Database Open Access
MIMIC-IV Clinical Database Demo
Alistair Johnson , Lucas Bulgarelli , Tom Pollard , Steven Horng , Leo Anthony Celi , Roger Mark
Published: Jan. 31, 2023. Version: 2.2
When using this resource, please cite:
(show more options)
Johnson, A., Bulgarelli, L., Pollard, T., Horng, S., Celi, L. A., & Mark, R. (2023). MIMIC-IV Clinical Database Demo (version 2.2). PhysioNet. https://doi.org/10.13026/dp1f-ex47.
Please include the standard citation for PhysioNet:
(show more options)
Goldberger, A., Amaral, L., Glass, L., Hausdorff, J., Ivanov, P. C., Mark, R., ... & Stanley, H. E. (2000).
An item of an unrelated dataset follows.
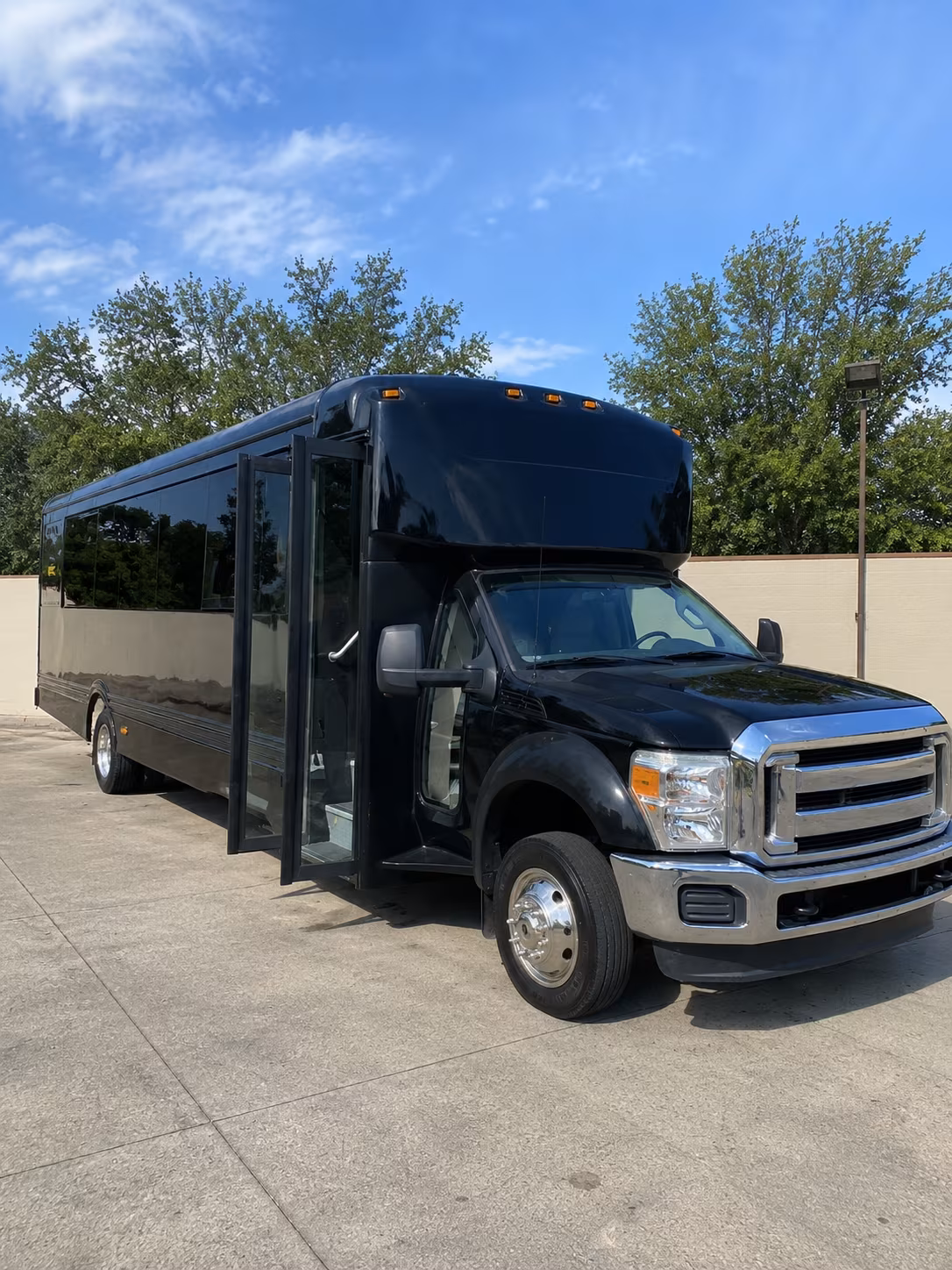 commerce 20 passenger party bus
PhysioBank, PhysioToolkit, and PhysioNet: Components of a new research resource for complex physiologic signals. Circulation [Online]. 101 (23), pp. e215–e220.
Abstract
The Medical Information Mart for Intensive Care (MIMIC)-IV database is comprised of deidentified electronic health records for patients admitted to the Beth Israel Deaconess Medical Center. Access to MIMIC-IV is limited to credentialed users. Here, we have provided an openly-available demo of MIMIC-IV containing a subset of 100 patients. The dataset includes similar content to MIMIC-IV, but excludes free-text clinical notes. The demo may be useful for running workshops and for assessing whether the MIMIC-IV is appropriate for a study before making an access request.
Background
The increasing adoption of digital electronic health records has led to the existence of large datasets that could be used to carry out important research across many areas of medicine. Research progress has been limited, however, due to limitations in the way that the datasets are curated and made available for research. The MIMIC datasets allow credentialed researchers around the world unprecedented access to real world clinical data, helping to reduce the barriers to conducting important medical research. The public availability of the data allows studies to be reproduced and collaboratively improved in ways that would not otherwise be possible.
Methods
First, the set of individuals to include in the demo was chosen. Each person in MIMIC-IV is assigned a unique subject_id
. As the subject_id
is randomly generated, ordering by subject_id
results in a random subset of individuals. We only considered individuals with an anchor_year_group
value of 2011 - 2013 or 2014 - 2016 to ensure overlap with MIMIC-CXR v2.0.0. The first 100 subject_id
who satisfied the anchor_year_group
criteria were selected for the demo dataset.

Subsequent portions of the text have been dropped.